The object is achieved by the features of claim 1. Preferred developments of the invention are disclosed in the subclaims.

According to the invention, actuators that can be controlled externally by means of electronic control devices are dispensed with. Instead, according to the characterizing part of claim 1, the coupling device for the switchable belt pulley has an overrunning clutch and a centrifugal clutch. The overrunning clutch and the centrifugal clutch open or lock automatically in the two engine operating modes and in the generator operating mode of the pulley generator, that is to say without the influence of, for example, external electrical or hydraulic energy. In this way, particularly when the internal combustion engine is at a standstill (that is, when the internal combustion engine shaft is at a standstill), the pulley generator can drive the auxiliary unit, in particular a mechanical air conditioning compressor, independently of the internal combustion engine.

In the first engine operating mode, the overrunning clutch can lock in a torque-transmitting manner and the centrifugal clutch can be transmission-free. In the generator mode, the Be free-wheeling clutch free of transmission and lock the centrifugal clutch transferring torque. In the second motor operating mode, both the overrunning clutch (K1) and the centrifugal clutch (K2) can be free of transmission.

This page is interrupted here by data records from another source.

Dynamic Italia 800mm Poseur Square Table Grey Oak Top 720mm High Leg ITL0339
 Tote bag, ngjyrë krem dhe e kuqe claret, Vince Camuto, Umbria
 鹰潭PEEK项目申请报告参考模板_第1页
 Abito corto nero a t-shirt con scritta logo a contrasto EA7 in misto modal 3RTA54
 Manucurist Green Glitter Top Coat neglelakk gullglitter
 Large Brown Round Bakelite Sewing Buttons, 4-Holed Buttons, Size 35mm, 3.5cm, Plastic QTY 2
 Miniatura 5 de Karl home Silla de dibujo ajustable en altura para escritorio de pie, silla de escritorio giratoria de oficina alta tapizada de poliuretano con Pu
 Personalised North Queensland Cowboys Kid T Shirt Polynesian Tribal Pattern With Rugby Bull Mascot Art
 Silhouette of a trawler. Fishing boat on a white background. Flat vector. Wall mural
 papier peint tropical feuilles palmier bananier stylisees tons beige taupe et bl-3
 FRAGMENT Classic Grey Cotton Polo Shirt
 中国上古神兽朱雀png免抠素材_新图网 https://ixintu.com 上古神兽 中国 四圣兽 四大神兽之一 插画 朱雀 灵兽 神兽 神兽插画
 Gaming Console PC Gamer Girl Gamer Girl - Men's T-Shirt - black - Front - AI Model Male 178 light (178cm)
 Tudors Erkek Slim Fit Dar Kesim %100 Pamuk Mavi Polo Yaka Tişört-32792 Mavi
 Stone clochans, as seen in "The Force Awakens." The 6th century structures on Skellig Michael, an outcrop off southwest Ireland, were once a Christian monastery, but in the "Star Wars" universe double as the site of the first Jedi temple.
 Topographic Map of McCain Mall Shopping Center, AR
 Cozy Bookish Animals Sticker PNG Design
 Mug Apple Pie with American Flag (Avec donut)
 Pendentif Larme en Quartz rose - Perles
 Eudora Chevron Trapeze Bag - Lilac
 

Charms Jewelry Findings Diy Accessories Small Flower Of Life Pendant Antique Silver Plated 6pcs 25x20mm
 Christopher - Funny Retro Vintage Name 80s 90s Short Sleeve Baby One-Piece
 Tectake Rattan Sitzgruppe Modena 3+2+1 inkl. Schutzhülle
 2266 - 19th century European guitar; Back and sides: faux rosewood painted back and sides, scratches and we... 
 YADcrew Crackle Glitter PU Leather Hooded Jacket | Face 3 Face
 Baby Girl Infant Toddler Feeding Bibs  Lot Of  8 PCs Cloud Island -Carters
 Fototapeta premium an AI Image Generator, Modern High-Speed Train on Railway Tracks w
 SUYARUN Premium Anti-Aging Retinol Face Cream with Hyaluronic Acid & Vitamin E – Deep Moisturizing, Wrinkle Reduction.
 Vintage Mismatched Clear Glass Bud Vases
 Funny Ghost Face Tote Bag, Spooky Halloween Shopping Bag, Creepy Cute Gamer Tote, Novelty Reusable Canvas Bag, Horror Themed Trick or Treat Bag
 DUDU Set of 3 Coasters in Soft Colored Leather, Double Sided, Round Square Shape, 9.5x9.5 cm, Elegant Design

Against this background, in a technical implementation, the torque-transmitting locking function of the overrunning clutch can be activated in the first motor operating mode when the generator shaft is in a first driving direction. In the first engine operating mode, the belt pulley generator can either be used to start the engine or to perform a boost function while the internal combustion engine is running. The non-transferring freewheeling function of the freewheeling clutch, on the other hand, can be activated when the pulley generator is operating in a second driving direction of rotation opposite to the first driving direction of rotation.

The torque-transmitting locking function of the centrifugal clutch can be activated in the generator operating mode of the pulley generator. In contrast to this, their transmission-free freewheeling function can be activated when the pulley generator is operated in the opposite second drive direction.

With the above embodiment variant, the pulley generator can rotate in the second drive direction of rotation in the second motor operating mode (that is to say drive the auxiliary unit when the internal combustion engine shaft is shut down). In the second drive direction of rotation, the freewheel functions are activated both in the overrunning clutch and in the centrifugal clutch, that is, both clutches are free of transmission. The pulley generator can therefore drive the auxiliary unit even when the internal combustion engine is shut down.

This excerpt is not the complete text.